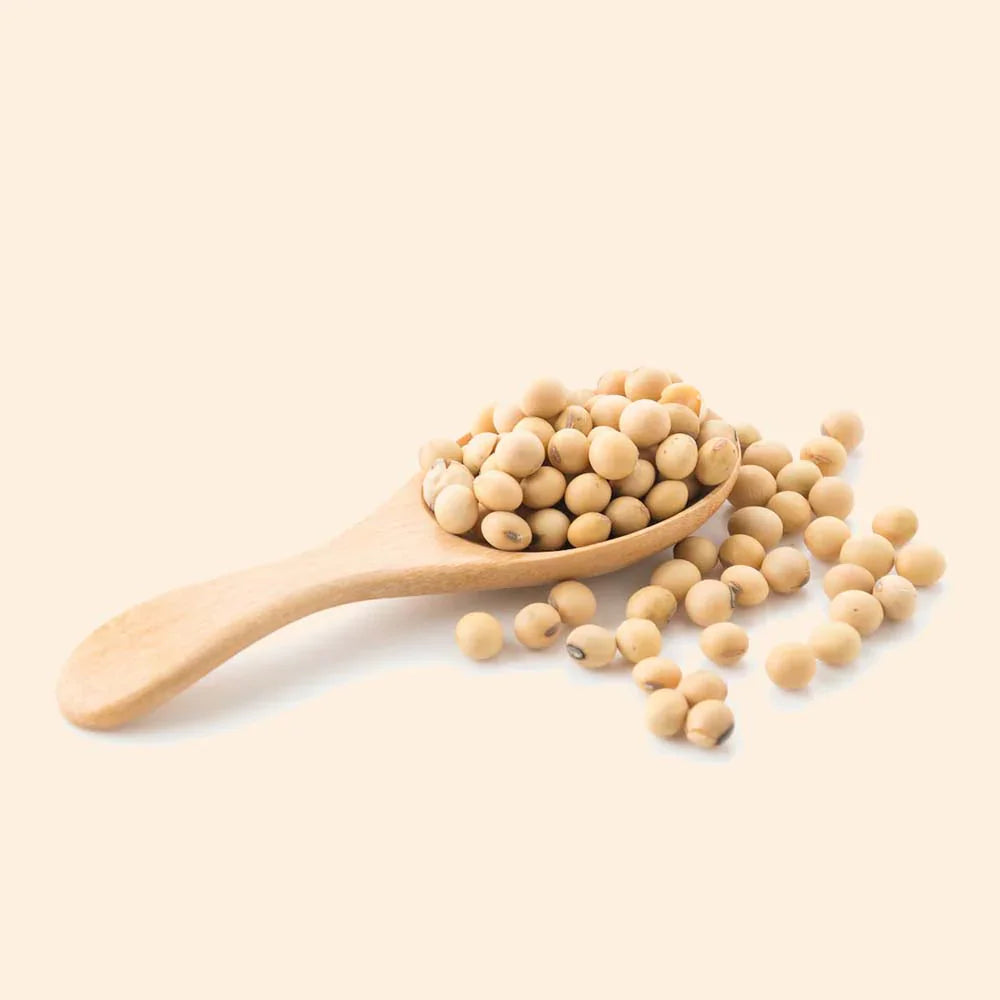 Shoprythm Cosmetic Raw Material Hydrolyzed Pea Protein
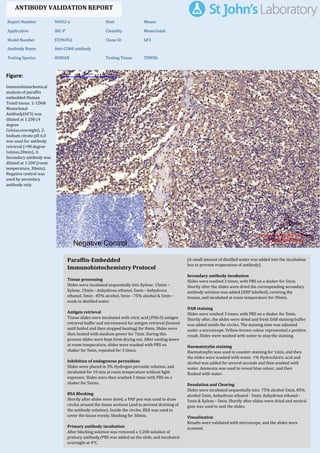 Figure:
Immunohistochemical
analysis of paraffin
embedded Human
Tonsil tissue. 1: CD68
Monoclonal
Antibody(6F3) was
diluted at 1:200 (4
degree
Celsius,overnight). 2:
Sodium citrate pH 6.0
was used for antibody
retrieval (>98 degree
Celsius,20min). 3:
Secondary antibody was
diluted at 1:200 (room
temperature, 30min).
Negative control was
used by secondary
antibody only.
Report Number 96952-a Host Mouse
Application IHC-P Clonality Monoclonal
Model Number STJ96952 Clone ID 6F3
Antibody Name Anti-CD68 antibody
Testing Species HUMAN Testing Tissue TONSIL
ANTIBODY VALIDATION REPORT
a. (A small amount of distilled water was added into the incubation
box to prevent evaporation of antibody).
40. Secondary antibody incubation
a. Slides were washed 3 times, with PBS on a shaker for 5min.
Shortly after the slides were dried the corresponding secondary
antibody solution was added (HRP labelled), covering the
tissues, and incubated at room temperature for 30min.
b.
41. DAB staining
a. Slides were washed 3 times, with PBS on a shaker for 5min.
b. Shortly after, the slides were dried and fresh DAB staining buffer
was added inside the circles. The staining time was adjusted
under a microscope. Yellow-brown colour represented a positive
result. Slides were washed with water to stop the staining.
c.
42. Haematoxylin staining
a. Haematoxylin was used to counter-staining for 1min, and then
the slides were washed with water. 1% Hydrochloric acid and
alcohol was added for several seconds and then washed with
water. Ammonia was used to reveal blue colour, and then
flushed with water.
b.
43. Desolation and Clearing
i. Slides were incubated sequentially into: 75% alcohol 5min, 85%
alcohol 5min, Anhydrous ethanol - 5min, Anhydrous ethanol -
5min & Xylene - 5min. Shortly after slides were dried and neutral
gum was used to seal the slides.
ii.
44. Visualization
a. Results were validated with microscope, and the slides were
scanned.
Paraffin-Embedded
Immunohistochemistry Protocol
34.
35. Tissue processing
a. Slides were incubated sequentially into Xylene; 15min –
Xylene, 15min - Anhydrous ethanol, 5min - Anhydrous
ethanol, 5min - 85% alcohol, 5min - 75% alcohol & 5min –
wash in distilled water.
b.
36. Antigen retrieval
a. Tissue slides were incubated with citric acid (PH6.0) antigen
retrieval buffer and microwaved for antigen retrieval (heated
until boiled and then stopped heating) for 8min. Slides were
then heated with medium power for 7min. During this
process slides were kept from drying out. After cooling down
at room temperature, slides were washed with PBS on
shaker for 5min, repeated for 3 times.
b.
37. Inhibition of endogenous peroxidase
a. Slides were placed in 3% Hydrogen peroxide solution, and
incubated for 10 min at room temperature without light
exposure. Slides were then washed 3 times with PBS on a
shaker for 5mins.
b.
38. BSA Blocking
a. Shortly after slides were dried, a PAP pen was used to draw
circles around the tissue sections (and to prevent draining of
the antibody solution). Inside the circles, BSA was used to
cover the tissue evenly, blocking for 30min.
b.
39. Primary antibody incubation
After blocking solution was removed a 1:200 solution of
primary antibody/PBS was added on the slide, and incubated
overnight at 4°C.
St John's Laboratory Ltd.
www.stjohnslabs.com
 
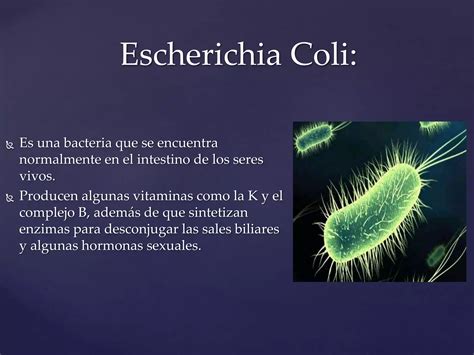 Importancia De Las Bacterias Ppt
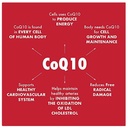 keva-co-enzyme-q-10-drops-immunity-boost-61qD5Au9NEL.jpg
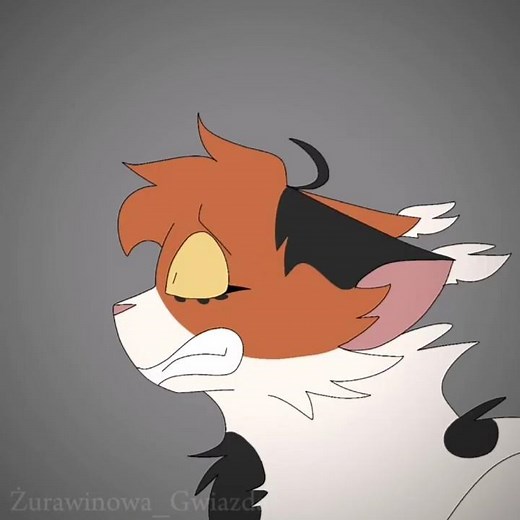 Mercy - oc lore part 1 #viralvideo #warriorcats #cat #art #oc #animation #capcut #funny #sad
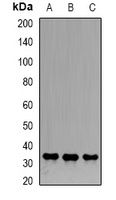 Anti-Emerin Antibody
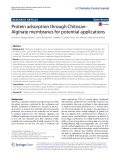 Protein adsorption through Chitosan - Alginate membranes for potential applications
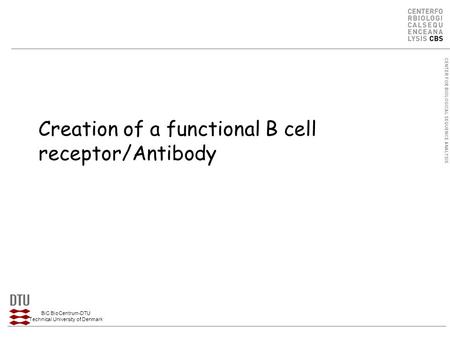 CENTER FOR BIOLOGICAL SEQUENCE ANALYSIS BiC BioCentrum-DTU Technical University of Denmark Creation of a functional B cell receptor/Antibody.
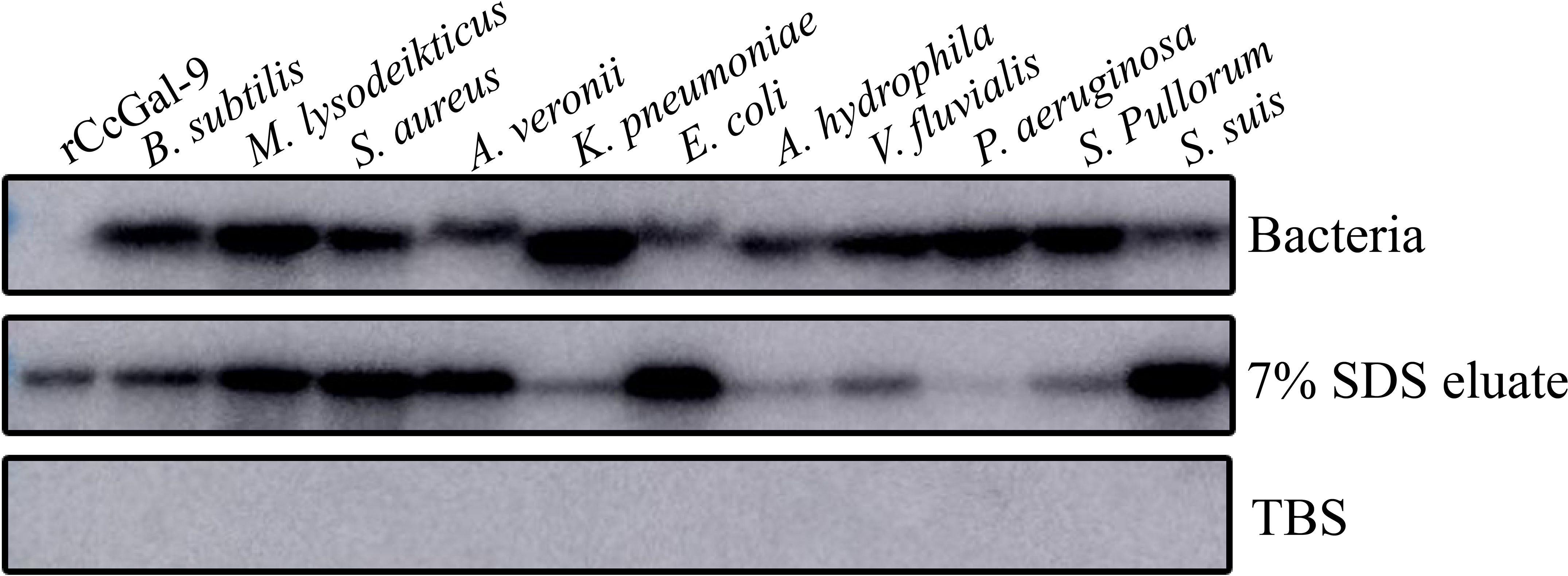 Western blot image showing bands for different bacteria: B. subtilis, M. lysodeikticus, S. aureus, A. veronii, K. pneumoniae, E. coli, A. hydrophila, V. fluvialis, P. aeruginosa, S. Pullorum, and S. suis. Panels include bacteria, seven percent SDS eluate, and TBS. The darkest bands are in the bacteria and SDS eluate panels.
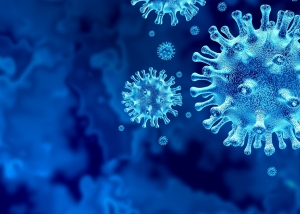 coronavirus2 coronavirus2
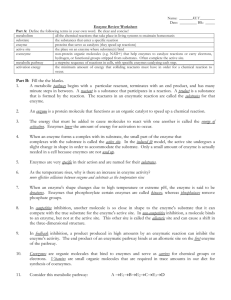 Enzyme Review Worksheet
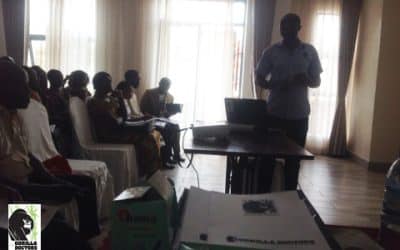 Gorilla Doctors Lead One Health Workshop on Ebolavirus in DRC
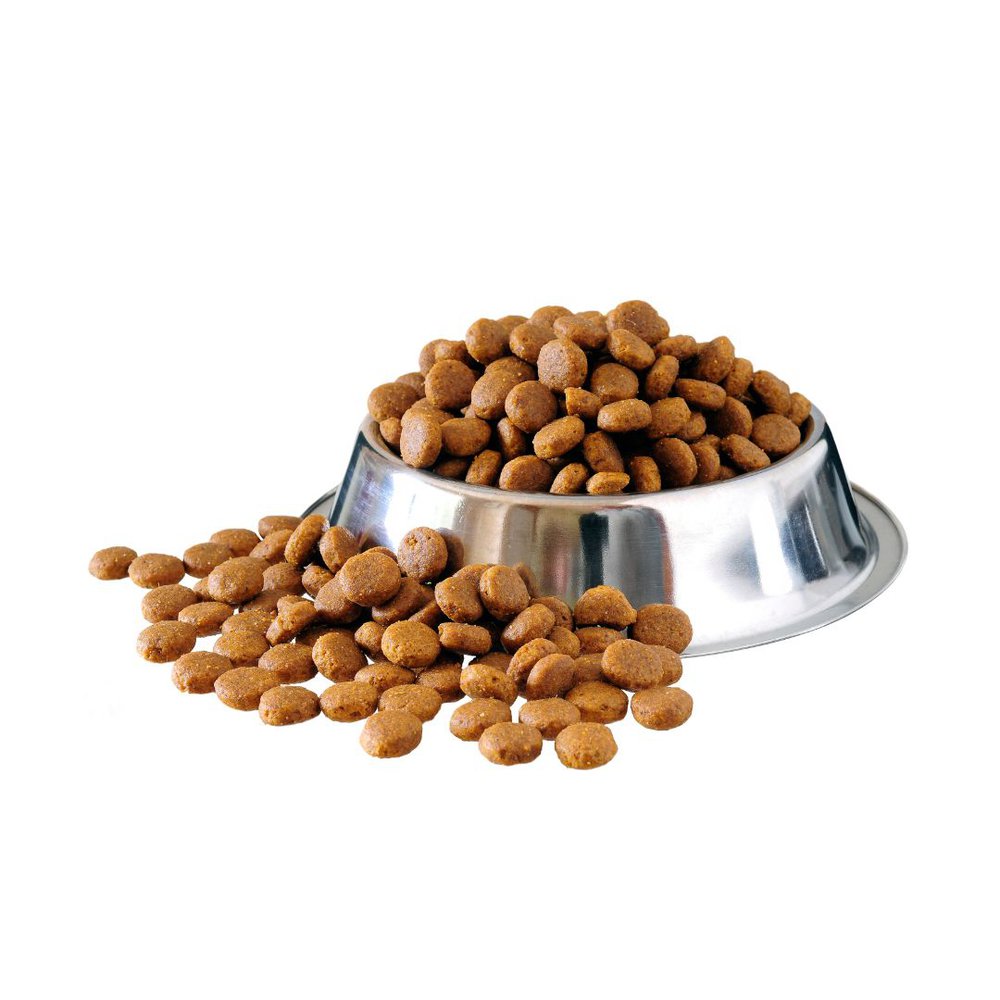 iPetGuides High Protein Dog Food on a bowl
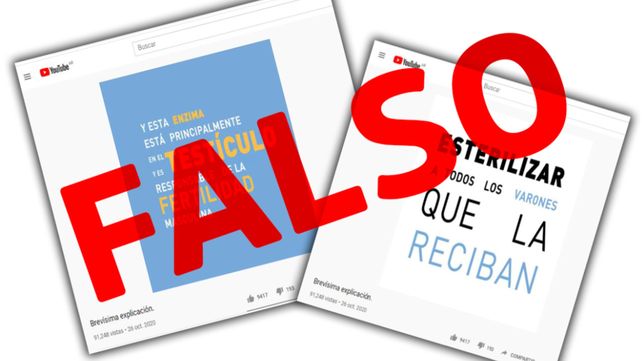 Coronavirus: científicos del Conicet le dan batalla a las noticias falsas sobre las vacunas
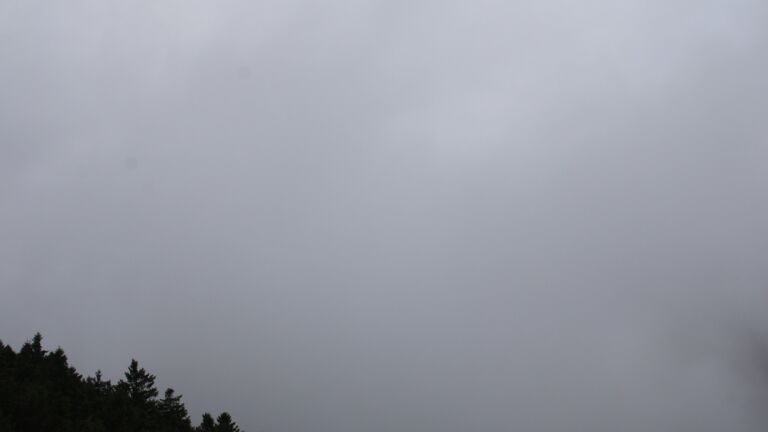 Dieses Bild zeigt eine Webcam-Aufnahme vom Achertal, aufgenommen am Mittwoch, den 20.08.2025 um 13:10 Uhr. Die Temperatur betrug 17.2°C.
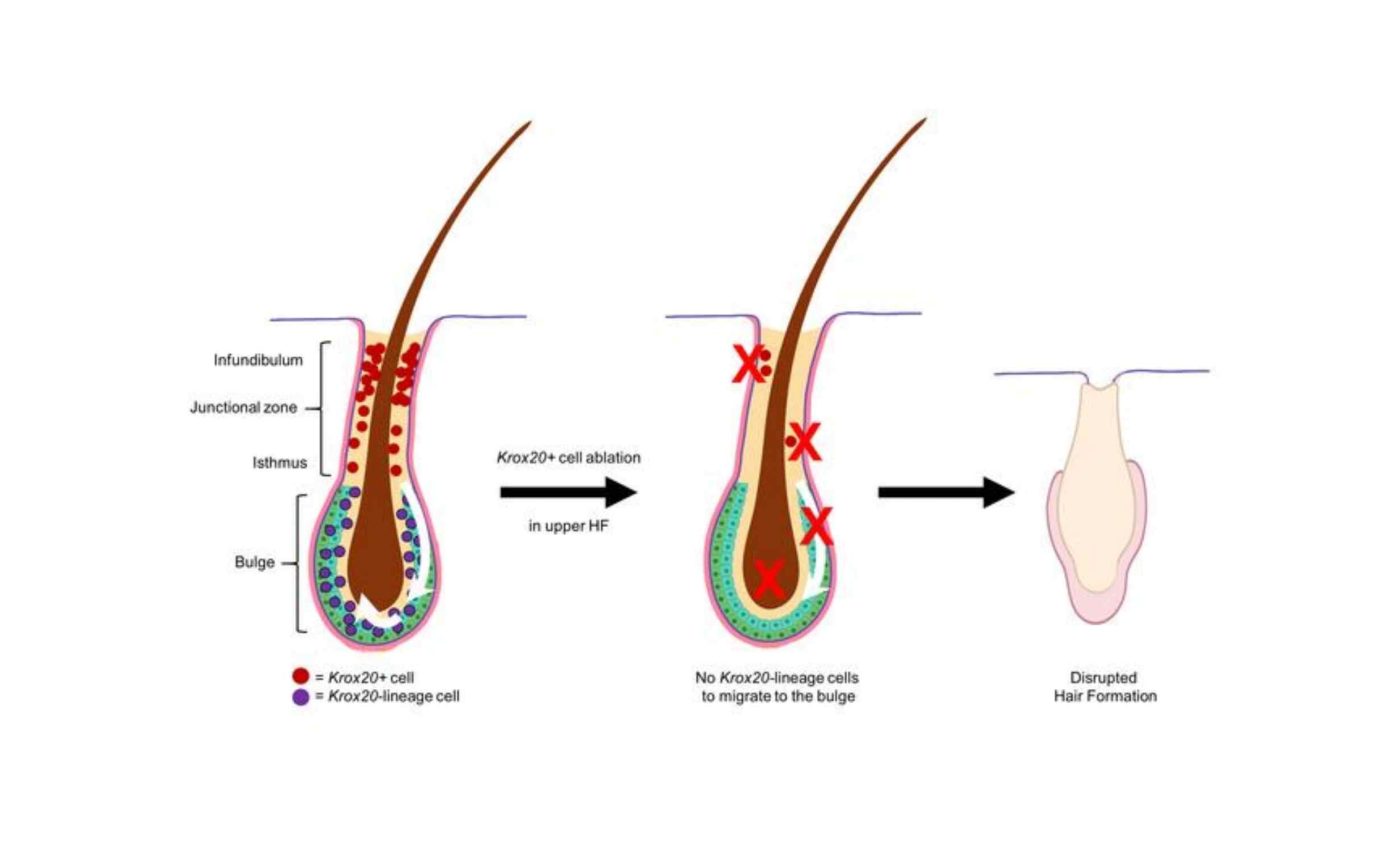 Scientists discover hidden stem cells that could reactivate hair growth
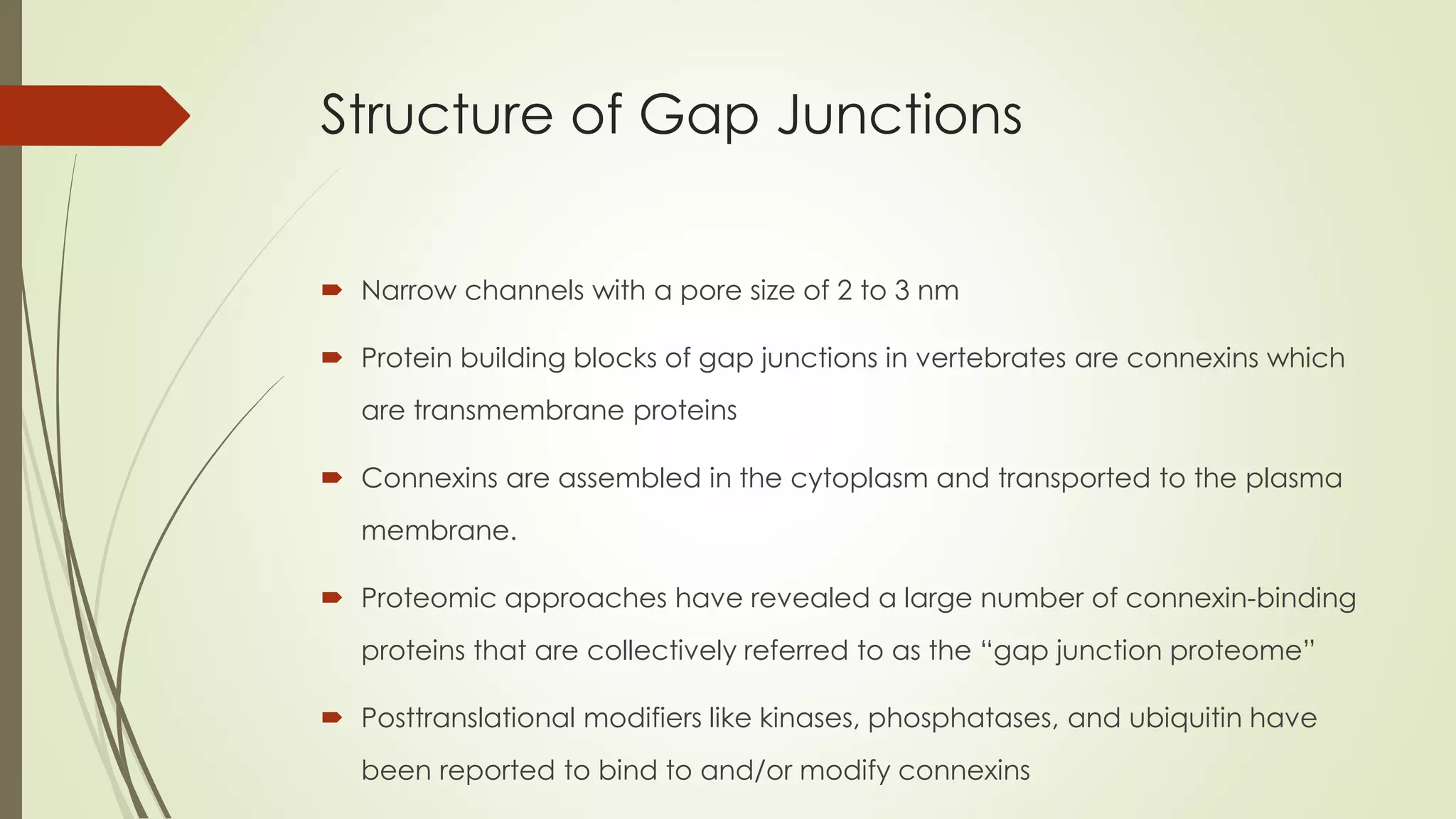 Structure of Gap Junctions
 Narrow channels with a pore size of 2 to 3 nm
 Protein building blocks of gap junctions in vertebrates are connexins which
are transmembrane proteins
 Connexins are assembled in the cytoplasm and transported to the plasma
membrane.
 Proteomic approaches have revealed a large number of connexin-binding
proteins that are collectively referred to as the “gap junction proteome”
 Posttranslational modifiers like kinases, phosphatases, and ubiquitin have
been reported to bind to and/or modify connexins
 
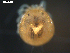  ( - 10BBSIO-0018)  @13 [ ] CreativeCommons - Attribution (2010) CBG Photography Group Centre for Biodiversity Genomics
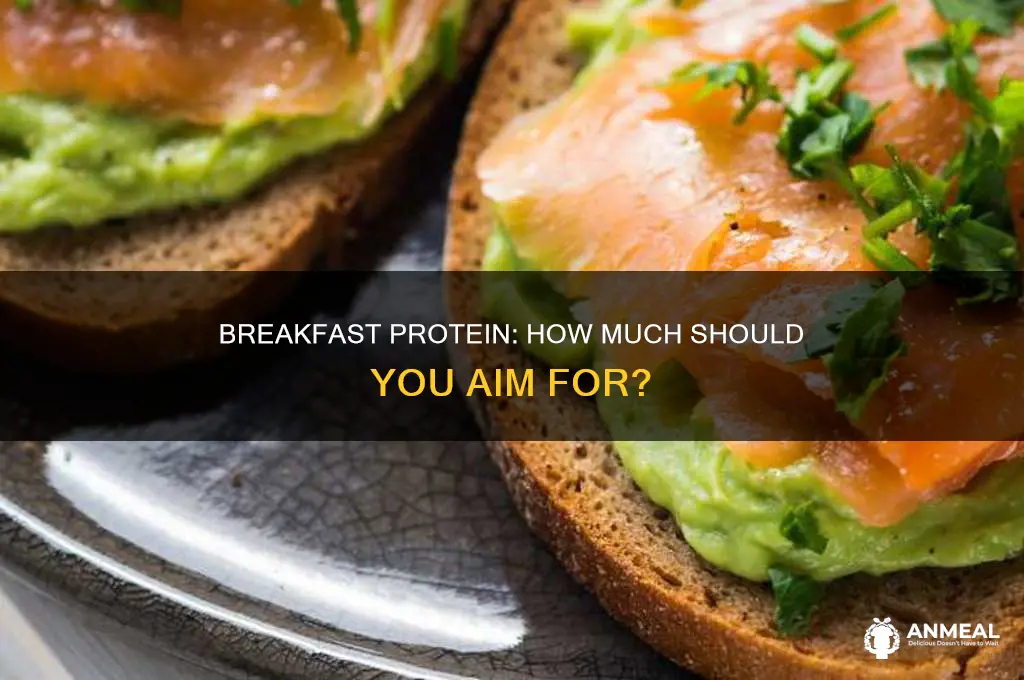 how many grams of proteinshoudl you get in for breakfast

^^^^

* About this exercise: With the pictures left out, write out exactly the lines above from the one containing "Anti-Emerin Antibody" through the one containing "CENTER FOR BIOLOGICAL".

* Task result:
 Anti-Emerin Antibody
 Protein adsorption through Chitosan - Alginate membranes for potential applications
 CENTER FOR BIOLOGICAL SEQUENCE ANALYSIS BiC BioCentrum-DTU Technical University of Denmark Creation of a functional B cell receptor/Antibody.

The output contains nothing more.